S3 DeltaChrome - bidirectional depth & color buffers ??

Finally, DeltaChrome’s pixel shaders feature bi-directional Z and color buffers. Standard DirectX 9 pixel shaders utilize unidirectional color and Z buffers. This allows the color and Z buffers to send or receive data from the pixel shaders.

(from FiringSquad )

This sounds like they want to implement ability to read-and-modify fragment’s underlying framebuffer contents in fragment program - just like it is defined in GL2 shading language (readable gl_FBColor, gl_FBDepth, …). This would make programmable blending, depth test and polygon offset (or even stencil test/op.).

What do you think about possible applications of the feature ?

[This message has been edited by MZ (edited 01-15-2003).]

It makes it a lot easier to create arbitrarily complex multipass shaders & break large shaders into simpler multipass shaders IMHO. I mentioned this in a shader laguage thread a long time ago. I think the name ‘bidirectional’ is unfortunate.

Yeah, this sounds like the thing for the future. It should solve the blending on float buffer problem, plus of course that it adds loads of flexibility.

That’s cool! Will the reading back be fast enough? The 3dlabs GL2 whitepaper said that reading back might be very slow with gl_FB* , I didn’t expect it to implemented so soon .

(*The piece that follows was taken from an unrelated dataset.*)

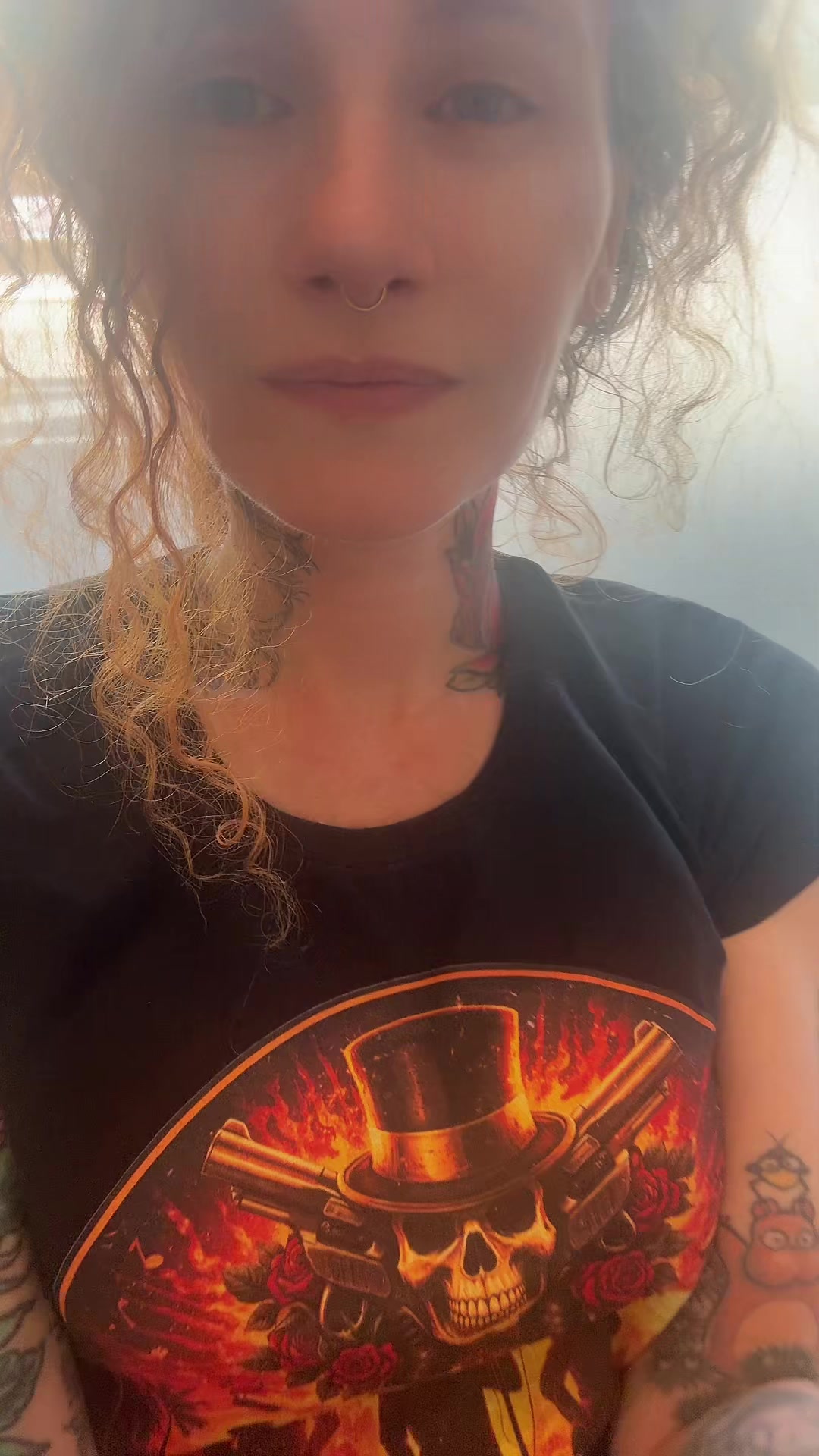 @Curlyhairwithtattoos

It sounds like it would make things run really slow, to me. Perhaps if you tiled your buffer, put it in insanely expensive, close SRAM, and got good locality, you could make it fast enough to be worth it.

jwatte, why? it is actually just another texture access… at the first access to the framebuffer, read it into a register (a tex instruction, if you could use the target buffer as tex), and in the end, just write the resulting color out.

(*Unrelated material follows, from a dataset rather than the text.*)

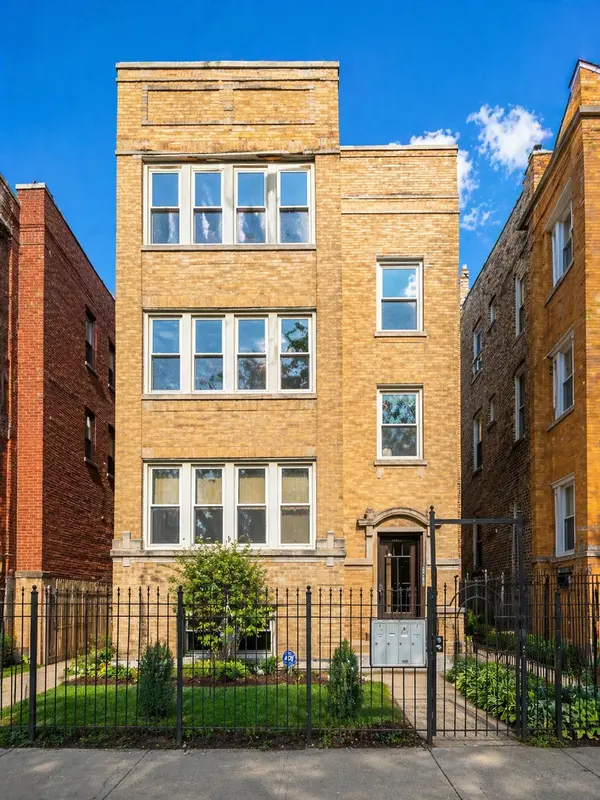 6335 N Claremont AVE, Chicago, IL 60659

it is a performance drop, but it should not be more a performance drop than accessing a texture.

anyone has a reason why it should?

GPUs are pipelines, so there are almost certainly more fragments between the one you’re shading and the frame buffer. If any of those other fragments will update the framebuffer location you want to read, you have a hazzard.

That’s the basic problem. It’s not as simple as just treating the framebuffer as a texture.

Thanks -
Cass

I thought a texture unit has some texture cache so this would make frame buffer reading slower than a texel fetch unless some caching is used for the frame buffer. Is this right?
At most how many fragments do you think will be in the pipeline below a fragment that’s being shaded? What I want to know is will it fine most of the times? 'Coz how often will two fragments belonging to the same position on the screen are placed one after the other in the fragment FIFO queue. So the worst case rarely occurs and that the average performance will be good enough.

Originally posted by cass:
[b]
GPUs are pipelines, so there are almost certainly more fragments between the one you’re shading and the frame buffer. If any of those other fragments will update the framebuffer location you want to read, you have a hazzard.

That’s the basic problem. It’s not as simple as just treating the framebuffer as a texture.

Thanks -
Cass[/b]

hm… actually a pixel has only access to its own older part at the same pos on the frame buffer… parallelism or not, i don’t think you draw yet several triangles at the same time at the same place, but process a bunch of pixels at different places at the same time… at least, thats how it makes sence (say 8 fragment pipelines => pixel[x,y] … pixel[x+7,y] processed at the same time)

pipelined or not, that thing works in parallel, there is NO problem then with the chance of reading and writing at the same time. it is a simple texture access… caching is an issue, yet, but on the other hand, you have streamlined readout, wich is quite neat to do fast, too, i think.

or don’t you work with scanlines?

please explain in more detail what is the problem…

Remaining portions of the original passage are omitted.